The real world is a messy place,
but this is where data comes from.
While data might be generated by a "true" mechanism,
it may not be known, and exist with interference and noise.
Some modeling seeks to simulate real world phenomena,
but for us will exist in the context of explaining data,
and "fitting it" to identify and predict real-world processes.
The role of mathematics
Mathematics is integral to modeling,
as it provides tools and frameworks for abstraction.
While models might have physical or social foundations,
these must be expressed mathematically to be applied.
A mathematical model might use simple, high school algebra,
or any part of calculus or matrix algebra as a framework.
Calculus
Calculus is all about rates of change and accumulation.
This becomes very important when approaching optimization,
e.g., when error is minimized for a parameter's estimation.
However, calculus is a continuous (smooth) science
and measurements and computations are always discrete,
so the day-to-day value for DS is largely with intuition
and model development or analysis, instead of application.
Differential calculus is about rates (slopes)
The derivative f′(x) of a curve at a point is the slope of the line tangent to that curve at that point.
This slope is determined by considering the limiting value of the slopes of secant lines.
Integral calculus is about accumulation
Integration can be thought of as measuring the area under a curve, defined by f(x), between two points (here a and b).
Required readings
If you have never seen calculus, please read
sections 2.2
and 2.4
from Wikipedia's article on the topic,
but do not worry if you don't understand the algebraic details,
i.e., just focus on gaining an intuition for rates and accumulation.
Linear algebra
Linear algebra is all about equations and solutions,
with restrictions on the types of operations considered,
i.e., only multiplication and addition (making things linear),
and extreme generality for many dimensions.
For data representation this is an important framework,
e.g., raster images are matrices of color intensities.

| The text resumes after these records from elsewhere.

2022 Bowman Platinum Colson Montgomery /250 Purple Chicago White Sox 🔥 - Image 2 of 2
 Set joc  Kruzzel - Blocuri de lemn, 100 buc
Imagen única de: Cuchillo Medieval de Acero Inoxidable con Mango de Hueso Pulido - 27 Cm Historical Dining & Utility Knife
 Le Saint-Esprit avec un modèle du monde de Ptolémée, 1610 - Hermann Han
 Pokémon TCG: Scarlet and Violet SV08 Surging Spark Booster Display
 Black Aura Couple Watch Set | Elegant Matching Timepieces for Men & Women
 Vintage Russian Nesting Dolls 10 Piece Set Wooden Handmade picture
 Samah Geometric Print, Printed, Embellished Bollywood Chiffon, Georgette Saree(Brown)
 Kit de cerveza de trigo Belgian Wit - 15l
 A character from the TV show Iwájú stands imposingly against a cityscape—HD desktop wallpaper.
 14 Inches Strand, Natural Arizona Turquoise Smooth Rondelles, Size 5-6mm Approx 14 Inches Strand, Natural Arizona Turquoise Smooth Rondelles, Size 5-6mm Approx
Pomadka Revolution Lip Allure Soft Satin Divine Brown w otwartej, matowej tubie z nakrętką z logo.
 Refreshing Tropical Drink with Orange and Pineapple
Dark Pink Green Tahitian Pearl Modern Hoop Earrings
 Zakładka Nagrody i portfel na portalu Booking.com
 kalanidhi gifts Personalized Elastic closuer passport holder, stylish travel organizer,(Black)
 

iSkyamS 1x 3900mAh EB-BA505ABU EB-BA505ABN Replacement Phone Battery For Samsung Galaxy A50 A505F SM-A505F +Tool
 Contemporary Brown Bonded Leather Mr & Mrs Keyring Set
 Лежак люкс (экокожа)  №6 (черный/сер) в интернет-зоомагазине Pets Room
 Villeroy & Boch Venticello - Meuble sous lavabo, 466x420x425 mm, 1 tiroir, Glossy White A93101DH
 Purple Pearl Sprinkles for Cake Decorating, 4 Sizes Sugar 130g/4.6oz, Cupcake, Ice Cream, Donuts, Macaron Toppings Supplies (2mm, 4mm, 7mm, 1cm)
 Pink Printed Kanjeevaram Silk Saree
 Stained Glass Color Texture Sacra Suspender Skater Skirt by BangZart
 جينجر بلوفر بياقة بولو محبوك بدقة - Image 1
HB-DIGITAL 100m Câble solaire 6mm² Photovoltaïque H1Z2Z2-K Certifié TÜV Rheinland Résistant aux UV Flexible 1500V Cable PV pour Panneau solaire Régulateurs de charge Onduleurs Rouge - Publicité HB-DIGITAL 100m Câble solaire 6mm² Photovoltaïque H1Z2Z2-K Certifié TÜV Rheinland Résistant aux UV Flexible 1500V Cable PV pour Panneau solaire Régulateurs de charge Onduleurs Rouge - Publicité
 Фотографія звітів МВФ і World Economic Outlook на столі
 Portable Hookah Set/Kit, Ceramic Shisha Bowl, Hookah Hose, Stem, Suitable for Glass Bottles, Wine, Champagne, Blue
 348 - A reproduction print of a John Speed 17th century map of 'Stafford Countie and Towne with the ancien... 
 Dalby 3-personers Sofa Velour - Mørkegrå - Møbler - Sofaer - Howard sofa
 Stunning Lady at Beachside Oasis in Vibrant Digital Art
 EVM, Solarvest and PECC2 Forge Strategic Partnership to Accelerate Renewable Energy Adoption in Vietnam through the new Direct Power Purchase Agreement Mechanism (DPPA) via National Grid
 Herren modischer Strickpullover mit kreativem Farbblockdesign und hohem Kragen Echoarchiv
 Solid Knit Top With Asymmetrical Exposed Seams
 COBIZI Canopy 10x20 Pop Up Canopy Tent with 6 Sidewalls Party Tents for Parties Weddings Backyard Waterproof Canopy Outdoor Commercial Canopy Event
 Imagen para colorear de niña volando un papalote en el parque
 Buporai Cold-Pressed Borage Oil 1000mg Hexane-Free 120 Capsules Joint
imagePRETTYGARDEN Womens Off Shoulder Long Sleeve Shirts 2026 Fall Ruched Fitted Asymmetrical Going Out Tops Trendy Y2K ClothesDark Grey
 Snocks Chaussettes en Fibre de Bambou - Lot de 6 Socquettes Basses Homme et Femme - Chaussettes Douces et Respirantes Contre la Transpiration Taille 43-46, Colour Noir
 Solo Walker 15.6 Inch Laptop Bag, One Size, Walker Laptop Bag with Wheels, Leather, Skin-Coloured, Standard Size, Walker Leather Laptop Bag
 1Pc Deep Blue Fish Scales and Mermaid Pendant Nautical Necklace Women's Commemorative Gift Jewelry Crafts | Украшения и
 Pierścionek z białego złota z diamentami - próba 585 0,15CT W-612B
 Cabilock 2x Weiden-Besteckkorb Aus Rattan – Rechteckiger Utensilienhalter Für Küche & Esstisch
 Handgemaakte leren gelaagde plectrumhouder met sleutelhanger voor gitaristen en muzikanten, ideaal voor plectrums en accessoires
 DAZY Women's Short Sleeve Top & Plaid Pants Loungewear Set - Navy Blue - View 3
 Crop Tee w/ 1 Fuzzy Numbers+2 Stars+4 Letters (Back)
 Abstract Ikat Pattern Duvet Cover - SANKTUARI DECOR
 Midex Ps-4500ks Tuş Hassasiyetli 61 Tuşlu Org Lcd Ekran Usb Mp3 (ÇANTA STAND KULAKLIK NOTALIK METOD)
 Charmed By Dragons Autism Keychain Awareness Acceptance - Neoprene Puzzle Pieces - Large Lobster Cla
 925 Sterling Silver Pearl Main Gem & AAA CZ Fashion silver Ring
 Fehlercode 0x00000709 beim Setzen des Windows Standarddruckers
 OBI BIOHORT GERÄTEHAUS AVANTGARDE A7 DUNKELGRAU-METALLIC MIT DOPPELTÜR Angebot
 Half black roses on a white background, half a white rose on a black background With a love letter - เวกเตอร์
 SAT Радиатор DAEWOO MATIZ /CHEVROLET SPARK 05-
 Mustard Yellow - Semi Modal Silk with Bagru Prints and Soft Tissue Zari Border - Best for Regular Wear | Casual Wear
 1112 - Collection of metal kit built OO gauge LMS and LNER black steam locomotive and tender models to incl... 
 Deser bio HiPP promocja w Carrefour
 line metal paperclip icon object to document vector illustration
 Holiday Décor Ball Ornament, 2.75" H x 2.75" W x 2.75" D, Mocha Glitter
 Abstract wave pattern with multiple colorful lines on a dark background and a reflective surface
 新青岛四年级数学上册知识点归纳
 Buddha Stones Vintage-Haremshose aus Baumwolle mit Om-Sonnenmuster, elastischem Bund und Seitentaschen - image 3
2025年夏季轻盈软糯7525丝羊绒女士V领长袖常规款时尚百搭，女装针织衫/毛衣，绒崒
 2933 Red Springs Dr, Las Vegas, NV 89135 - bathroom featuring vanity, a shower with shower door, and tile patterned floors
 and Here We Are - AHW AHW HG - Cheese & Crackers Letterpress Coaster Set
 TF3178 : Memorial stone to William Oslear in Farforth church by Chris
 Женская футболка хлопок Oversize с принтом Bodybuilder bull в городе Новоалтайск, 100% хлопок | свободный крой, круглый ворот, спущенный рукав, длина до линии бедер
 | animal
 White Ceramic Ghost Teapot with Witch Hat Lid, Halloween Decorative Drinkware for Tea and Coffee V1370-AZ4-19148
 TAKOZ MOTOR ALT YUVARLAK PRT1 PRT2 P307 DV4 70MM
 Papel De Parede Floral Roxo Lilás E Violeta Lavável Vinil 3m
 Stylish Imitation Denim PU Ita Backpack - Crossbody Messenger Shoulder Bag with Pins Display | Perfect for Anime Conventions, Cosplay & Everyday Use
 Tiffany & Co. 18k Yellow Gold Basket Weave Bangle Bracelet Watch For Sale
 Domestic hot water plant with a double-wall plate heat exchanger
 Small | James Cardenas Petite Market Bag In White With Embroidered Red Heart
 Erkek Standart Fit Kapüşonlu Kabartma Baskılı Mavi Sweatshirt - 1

In algorithms, linear algebra plays a central role, too,
e.g., Google's search algorithm is a matrix multiplication!
PageRank is matrix multiplication
Required videos
If you've never had linear algebra, please watch the first four videos in this series:
the essence of linear algebra,
and once again, don't worry so much about the details,
but focus on gaining an intuition for the nature of the subject.
Calculus vs. linear algebra
Calculus usually gets extreme emphasis in math education.
However, there is contention over which is more important.
This is true, with perhaps more emphasis in data science,
where many attest its usefulness over calculus.
Is this true, or simply backlash against historical emphasis?
Whether either is intuitively grounding or explicitly useful,
neither branch of math should really be left out entirely,
i.e., a data scientist is best off understanding both.